# WARNING: SILICONE II EXPIRES



## holidayhanson (Apr 25, 2007)

I just used a whole tube of silicone II which expired two months ago. I didnt realize it until I noticed my silicone has not dried after 5 days. Before you silicone....check the expiration date!!! I now have a black gooey mess which is really difficult to clean up. I will always now squirt a test bead of silicone before using it in my tank. You should too!!


----------



## Corpus Callosum (Apr 7, 2007)

Try using some vinegar to help clean up with a razor blade?


----------



## DartMan (Nov 29, 2005)

Sorry to hear your news. It has happened to many of folks around here. Did you buy it from a place like Lowes or Home Depot?

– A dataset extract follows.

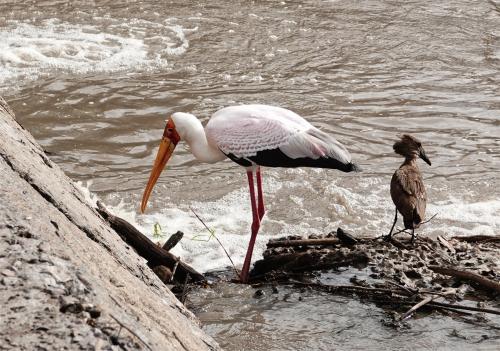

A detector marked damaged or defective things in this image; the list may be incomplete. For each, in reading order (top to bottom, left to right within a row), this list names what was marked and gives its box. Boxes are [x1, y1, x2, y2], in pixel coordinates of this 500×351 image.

cracked concrete edge [0, 97, 221, 351]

I only ask because I suspect folks who get the outdated stuff have a higher chance of getting outdated silicone from smaller places that have a lower turn-over rate of product compared to the big places like Lowes or HD that constantly sell it and restock their shelves more often.
Just curious.


----------



## holidayhanson (Apr 25, 2007)

DartMan said:


> I only ask because I suspect folks who get the outdated stuff have a higher chance of getting outdated silicone from smaller places that have a lower turn-over rate of product compared to the big places like Lowes or HD that constantly sell it and restock their shelves more often.
> Just curious.


Quite the opposite. I bought it from Lowes. Yesterday I returned it and got some more. I found 6 expired bottles and only 2 were okay to use. I think someone screwed up the rotation. I took the expired bottles to customer service and told them about the issue....I can guess they are being put back on the shelves today. 

I was able to wipe most of it out and foamed GS over what was left...it should be okay. 

Lesson learned....always check the date no matter where you shop for silicone II.


----------



## defaced (May 23, 2005)

I'll wager that all silicones expire, not just GEII. I know GEI does and I'm almost positive that DAP's stuff does too.


----------



## SLEDDER23 (Mar 17, 2005)

Good tip. I need to go home and check that case of black GE I I bought a year ago. 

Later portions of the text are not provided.